Le calvaire de Kinsky, remplacé en larmes après un quart d’heure
La rencontre a immédiatement tourné au désastre absolu pour le jeune portier. En l’espace de quinze minutes, Kinsky a multiplié les erreurs fatales. Dès la 6e minute, il glisse dans sa propre surface et offre littéralement l’ouverture du score à Marcos Llorente, un geste qualifié de « cadeau » et « d’erreur embarrassante » par les commentateurs. Et il est ensuite fautif sur la seconde réalisation, avec un dégagement raté. Antoine Griezmann en a profité.
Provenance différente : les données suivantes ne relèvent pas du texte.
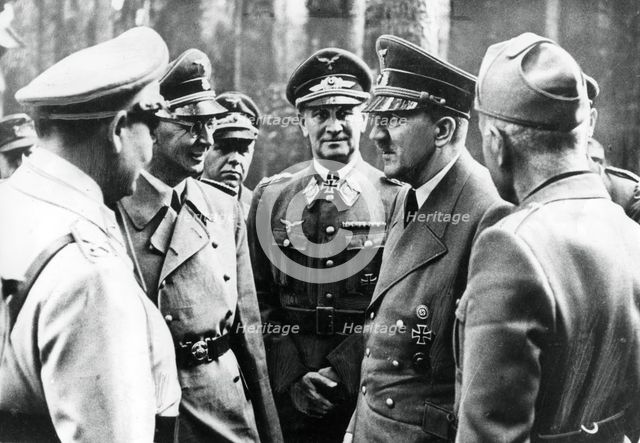 Adolf Hitler with Benito Mussoloni and senior Nazis, 1944. Artist: Unknown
Au total, il y a eu trois buts pris par les Londoniens lors de ce premier quart d’heure catastrophique, dont deux pour la pomme du portier tchèque.
Face à cette humiliation précoce, Igor Tudor n’a eu aucune pitié et a décidé de le sortir immédiatement à la 16e minute pour faire entrer Vicario. L’image est cruelle et poignante : Kinsky quitte la pelouse la tête basse, en pleurs, et file directement vers le tunnel des vestiaires, escorté par le staff. La presse britannique n’a pas tardé à pointer du doigt la responsabilité du manager, l’accusant d’avoir envoyé un joueur manquant de compétition au casse-pipe dans une telle affiche.
Son remplaçant n’a pas fait mieux
Cependant, faire porter le chapeau au jeune Kinsky n’a absolument pas réglé les problèmes de l’équipe londonienne. L’ironie de l’histoire est d’ailleurs terrible pour Igor Tudor : le remplacement tactique n’a pas du tout colmaté les brèches. À peine entré en jeu, Vicario a lui aussi cédé, encaissant un quatrième but dès la 23e minute. Qu’il s’agisse de Kinsky ou de Vicario, les maux sont les mêmes pour une défense de Tottenham aux abois. En fin de compte, ce choix précipité aura surtout servi à détruire publiquement la confiance d’un grand espoir.